D'abord administratrice de compagnies de théâtre (théâtre contemporain et création très jeune public) en Ile-de-France et dans les Hauts-de-France, Marie Maillard coordonne depuis quatre ans le cinéma l'Univers, à Lille (Nord), un lieu culturel et citoyen équipé d'une salle de projection professionnelle. Situé en dehors du circuit des salles de cinéma classiques, l’Univers accompagne toute l’année des projets associatifs autour de séances non commerciales et de films atypiques et originaux.

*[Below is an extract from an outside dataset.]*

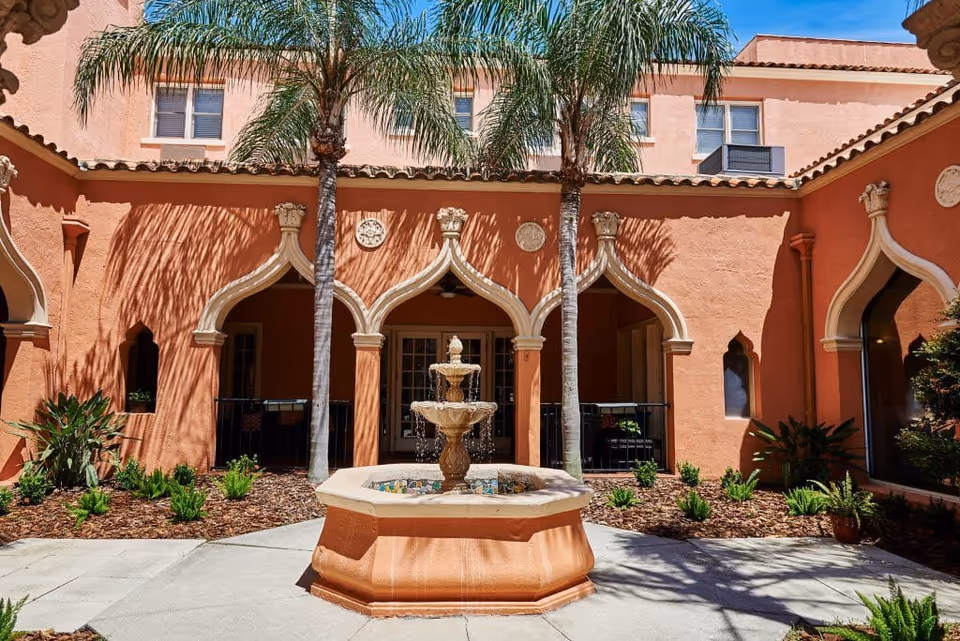 Outdoor courtyard area with a central multi-tiered water fountain surrounded by plants and palm trees. The courtyard is enclosed by a building with peach-colored walls and arched doorways and windows, featuring decorative architectural details.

L’Univers développe également des séances et ateliers pour les jeunes de 3 à 16 ans, dans une dynamique d’éducation à et par l’image, et accueille en son sein un laboratoire partagé : le Labo de l'Univers, espace de création et d’expérimentation tourné vers l’image et le son, numérique, argentique ou analogique.
Dominique Mulmann et Suzanne Duchiron forment l’équipe jeune public du cinéma le Trianon de Romainville (Seine-Saint-Denis), cinéma public du réseau des cinémas de l’EPT Est Ensemble. Elles portent des actions d’éducation à l’image riches et créatives, à travers une programmation soutenue de films et d’animations. Elles organisent le festival Les Enfants font leur cinéma, festival unique en son genre, basé sur la participation des publics, notamment scolaires et périscolaires, et proposé hors temps scolaire, auprès d’un public familial. Le festival qui se déroule en juin, est l’aboutissement d’un travail de qualité, mené tout au long de l’année, autour du projet « maison » des classes images.
Discussion animée par Vincent Merlin, directeur de Cinémas 93.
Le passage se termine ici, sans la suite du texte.